TASK ITEM
Once the line with "meat pizza made" is found in the entries below, print it and each following line exactly, stopping after the line with "doctor smiling while"; print nothing else.

SUPPLIED DATA
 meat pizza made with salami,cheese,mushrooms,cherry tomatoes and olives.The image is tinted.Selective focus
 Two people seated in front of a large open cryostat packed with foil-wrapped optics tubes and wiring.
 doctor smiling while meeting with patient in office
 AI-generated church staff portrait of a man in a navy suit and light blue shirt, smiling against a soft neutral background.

==

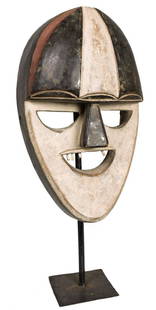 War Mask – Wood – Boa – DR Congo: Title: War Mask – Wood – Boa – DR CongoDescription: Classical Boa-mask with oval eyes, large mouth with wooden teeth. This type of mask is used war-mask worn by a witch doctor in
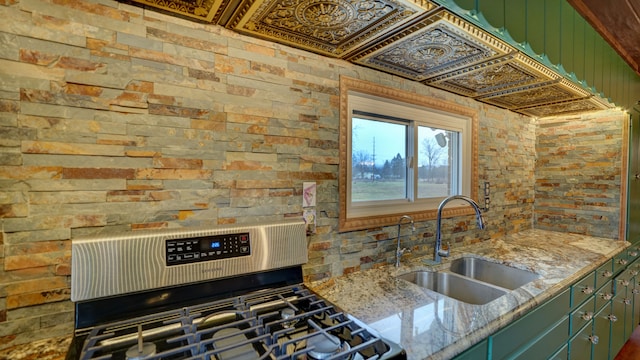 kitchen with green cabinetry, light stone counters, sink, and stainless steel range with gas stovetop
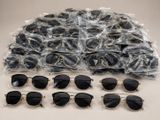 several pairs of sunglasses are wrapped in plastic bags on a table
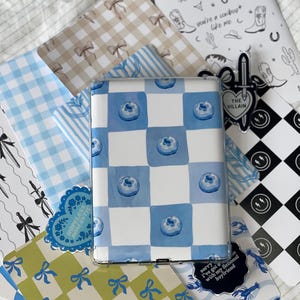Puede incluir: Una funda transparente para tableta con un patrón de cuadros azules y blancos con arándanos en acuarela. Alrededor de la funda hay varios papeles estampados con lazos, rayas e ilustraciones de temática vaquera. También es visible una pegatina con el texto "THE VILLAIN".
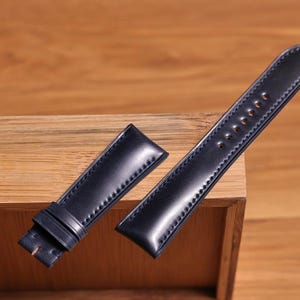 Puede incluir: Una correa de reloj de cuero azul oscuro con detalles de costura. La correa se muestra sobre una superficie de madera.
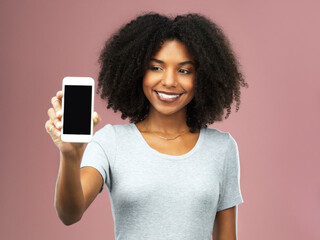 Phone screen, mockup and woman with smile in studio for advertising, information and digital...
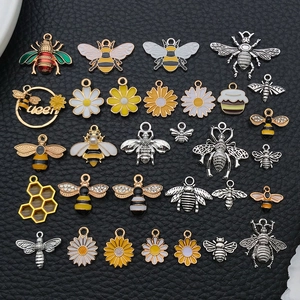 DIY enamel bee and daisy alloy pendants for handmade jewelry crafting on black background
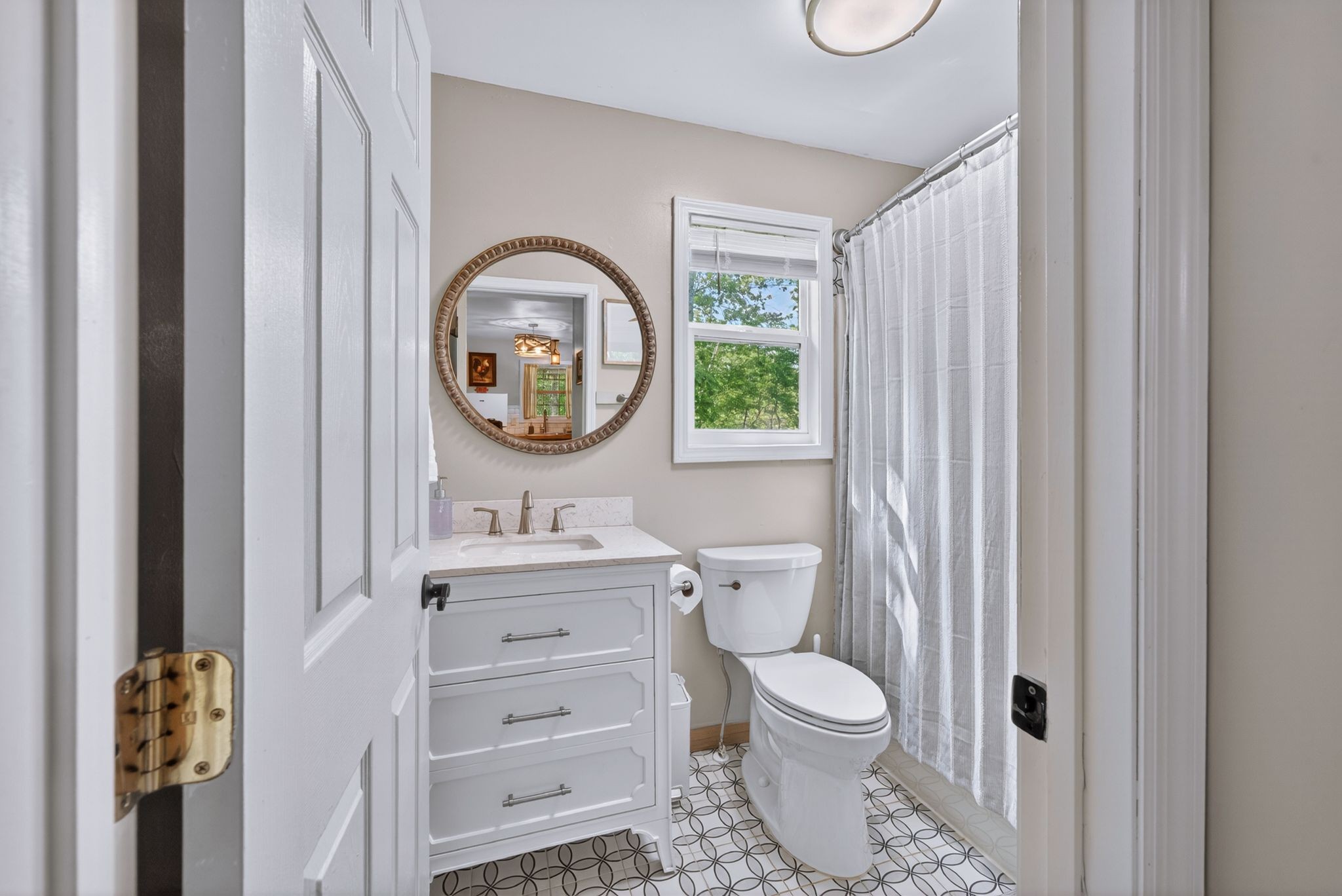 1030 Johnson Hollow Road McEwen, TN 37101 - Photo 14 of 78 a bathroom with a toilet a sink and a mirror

--

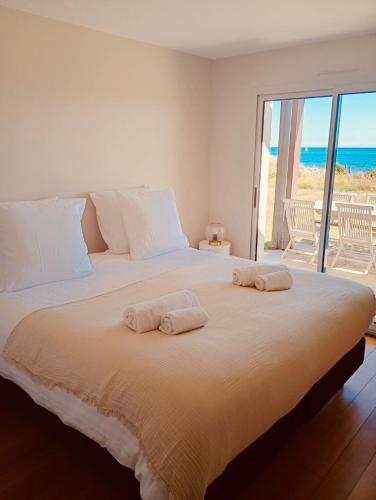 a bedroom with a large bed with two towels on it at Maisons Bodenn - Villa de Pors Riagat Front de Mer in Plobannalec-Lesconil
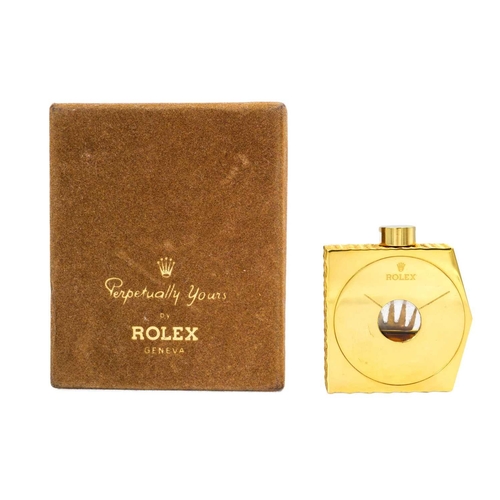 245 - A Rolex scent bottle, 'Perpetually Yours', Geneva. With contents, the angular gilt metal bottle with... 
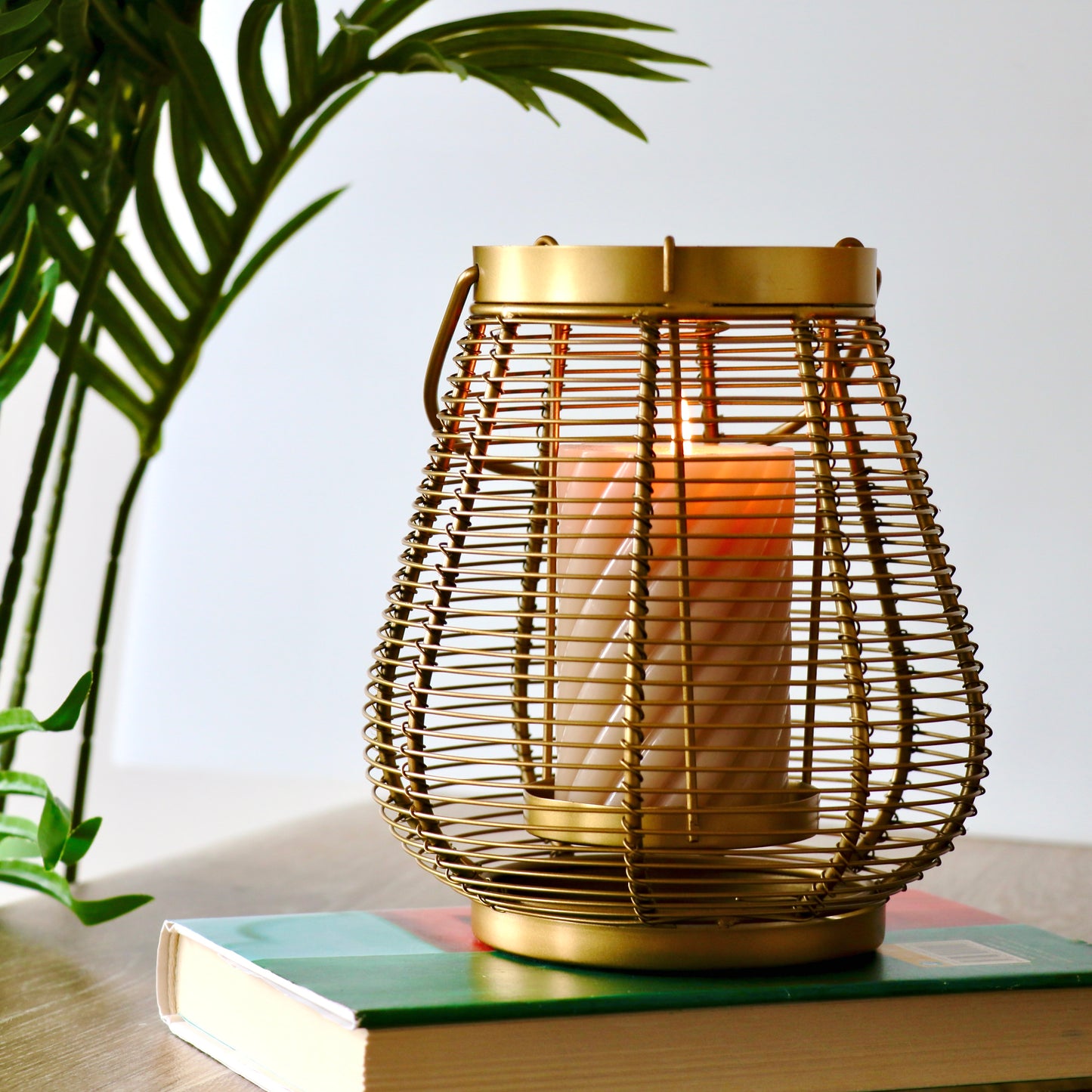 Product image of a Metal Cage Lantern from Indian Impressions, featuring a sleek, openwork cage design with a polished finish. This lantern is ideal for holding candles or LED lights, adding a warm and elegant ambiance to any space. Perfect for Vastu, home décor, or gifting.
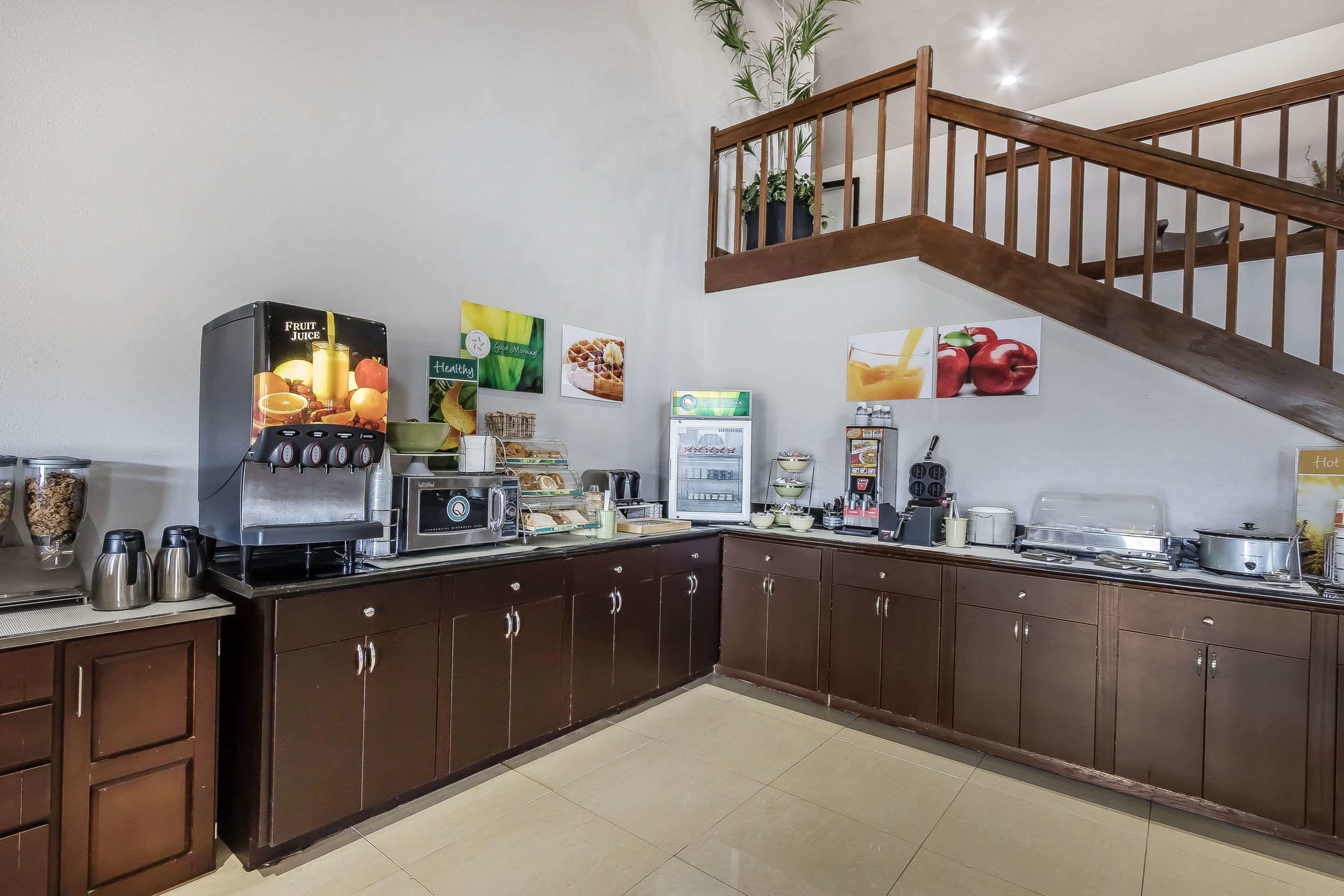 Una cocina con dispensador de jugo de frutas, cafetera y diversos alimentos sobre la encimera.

ANSWER BOX
 meat pizza made with salami,cheese,mushrooms,cherry tomatoes and olives.The image is tinted.Selective focus
 Two people seated in front of a large open cryostat packed with foil-wrapped optics tubes and wiring.
 doctor smiling while meeting with patient in office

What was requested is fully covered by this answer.